Test data generators can work in different mode: from the random approach to a more focused or intelligent way. Their goal is to use a predefined data structure to produce the data need for test in a specific format that could range from a spreadsheet file to SQL insert instructions. For more information about test data generation, you can visit https://en.wikipedia.org/wiki/Test_data_generation
This article presents some open source test data generators. Do not hesitate to contact us to include any tool that that is not yet listed in this article. The products currently included in this article are: Databene Benerator, DataFactory, Data Factory, DataGenerator, generatedata, Spawner, SQLfuzz, Synth, test-data-generator
October 19 2021: added generatedata, SQLfuzz, Synth
Databene Benerator is a framework released under both open source and commercial licenses that can be used to generate high-volume test data. This test data generation tool works on Windows and Unix systems. It supports many database systems (Oracle, IBM DB2, MS SQL Server, MySQL, PostgreSQL, …), XML, XML Schema, CSV, Flat Files and Excel. Databene Benerator has also a plugin system that allows for instance to use it with Eclipe or Maven.

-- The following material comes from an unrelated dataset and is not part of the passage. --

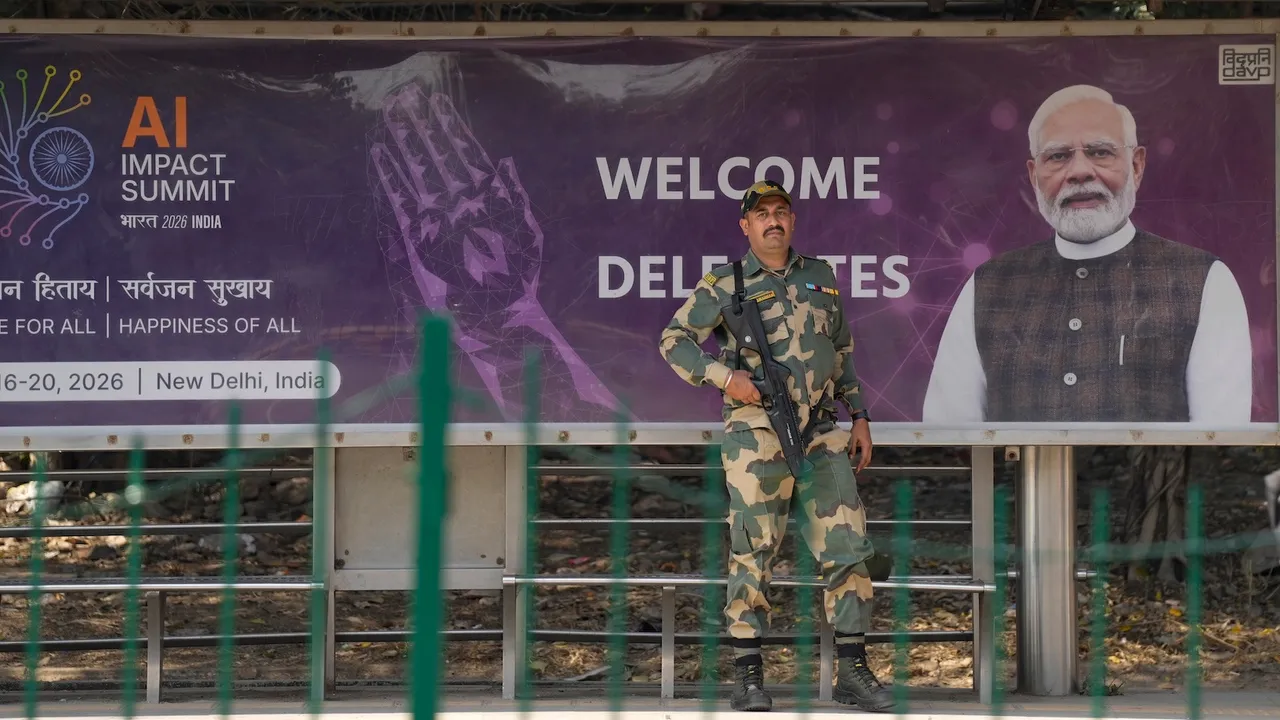 A BSF jawan stands guard at a bus stop, ahead of the AI Impact Summit 2026, in New Delhi, Sunday, Feb. 15, 2026.A BSF jawan stands guard at a bus stop, ahead of the AI Impact Summit 2026, in New Delhi, Sunday, Feb. 15, 2026.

Figure: How Databene Benerator works. Source http://databene.org/databene-benerator
DataFactory is an open source test data generator tool that allows you to easily generate test data. It was primarily written for populating database for development or test environments by providing values for names, addresses, email addresses, phone numbers, text, and dates. DataFactory can be integrated with Maven.
Data Factory is an open source Java API that can be used to generate random data. It is useful when developing applications that require a lot of sample data.
DataGenerator is an open source Java library that can produce large volumes of data to meet the challenges of the Big Data domain.. DataGenerator frames data production as a modeling problem, with a user providing a model of dependencies among variables and the library traversing the model to produce relevant data sets. DataGenerator can be used with IDE like Eclipse, IntelliJ IDEA or NetBeans.
generatedata is an opent source script that is essentially an engine to generate any sort of random data in any format. It currently comes with 30 or so Data Types (types of data it generates), 8 Export Types (formats for the data), plus around 30 data sets for specific countries (city names, regions etc). But more importantly, it can be extended in any way you want. If you need to generate random data programmatically rather than manually via the UI, you can use the REST API.
Spawner is a generator of sample and test data for databases. It can be configured to output delimited text or SQL insert statements. It can also insert directly into a MySQL database. Includes many field types, most of which are configurable. Spawner works on Linux and Windows systems.
Figure. Spawner generation screen. Source: http://spawner.sourceforge.net/
SQLfuzz is an open source tool for software testing that loads random data into SQL tables for testing purposes. The tool can get the layout of the SQL table and fill it up with random data.
Synth is an open source tool for generating realistic data using a declarative data model. Synth is database agnostic and can scale to millions of rows of data. Synth provides a robust, declarative framework for specifying constraint based data generation. Synth provides a flexible declarative data model which you can version control in git, peer review, and automate.
test-data-generator is a simple open source Java tool to generate data that can be used with Maven. It supports many different data values like emails, country or name. You can produce output in different formats like csv, tsv or sql. You can also directly inject the generated test data in a database using a jdbc connection.